To annotate accesible regions and chromatin interactions with `EpiAnnot`, run:

```bash
epiannot --bed {bed} --gtf {gtf} --counts {prefix.h5ad} --chrom_sizes {chrom_sizes} --output_prefix {output_prefix}
```

where `bed` is a bed file of genomic regions to annotate, `gtf` is a gtf file of gene annotations, `counts` is the output of `EpiOut` in h5ad file format or `counts` obtained with EpiCount, `chrom_sizes` is a file of chromosome sizes can be generated with pyfaidx from fasta file, and `output_prefix` is the prefix of output files. See `epiannot --help` for more details.

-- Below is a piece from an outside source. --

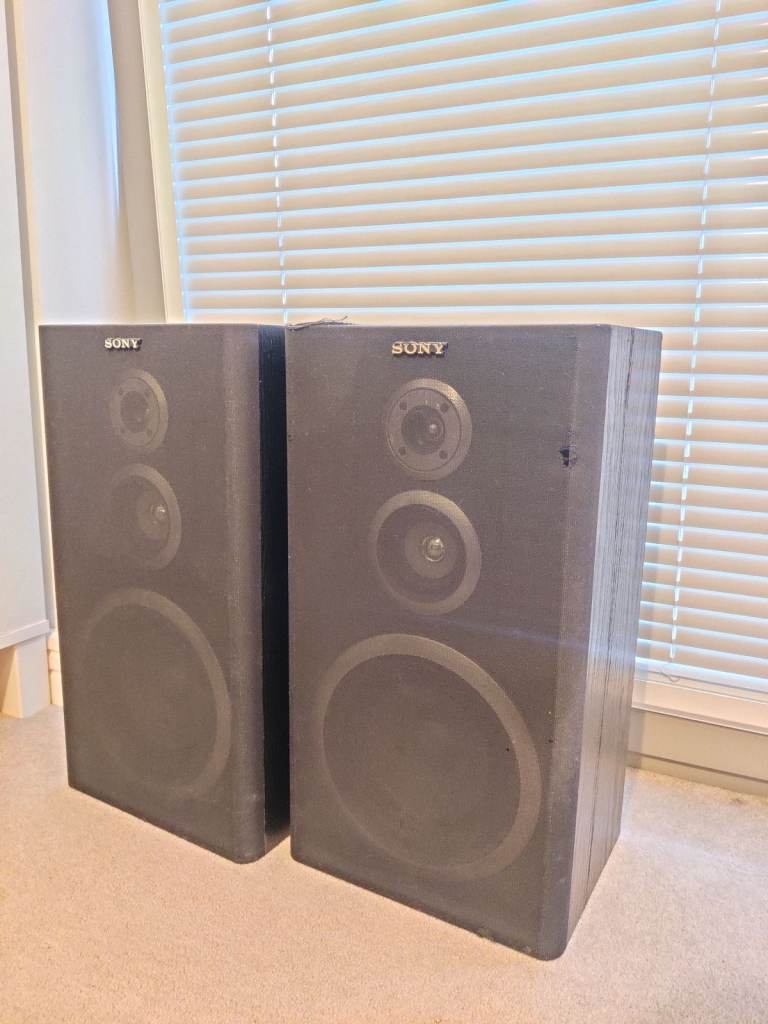 Sony Speakers with Free Amplifier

Output contains `prefix.annotation.csv` annotation of genomic regions based on histone marks provided in the config file, `prefix.gtf.csv` annotation on regions based on the proximity to genes, `prefix.interaction.csv` annotation of chromatin interactions between regions and `prefix.genes.csv` indicating that poteintial effected by the aberrant chromatin accessibility.

You can create annotation with your custom config file:

`config.yaml`
```yaml
H3K27ac:
- ENCFF817IVB.bed.gz
- ENCFF916FML.bed.gz

H3K4me1:
- ENCFF456GWH.bed.gz

H3K4me3:
- ENCFF867WVM.bed.gz

your_custom_mark:
- a.bed

hic:
- ENCFF311CLH.hic
- ENCFF787ZVA.hic
```

They keys in the config file are the names of histone marks and the values are the list of bed files of histone marks. The config file can also contain a list of hic files to annotate chromatin interactions. Hic data is optional. The config file can be created with `epiannot_create` command or you can use your config file. To call promoter, active and poised enhancers please make sure that you name your histone marks as `H3K4me3`, `H3K27ac`, and `H3K4me1` respectively. An other histone mark or bed files can be used annotate regions. Output `prefix.annotation.csv` will have a column for each key in the config file and will incidate if accesible region overlaps with the annotation source.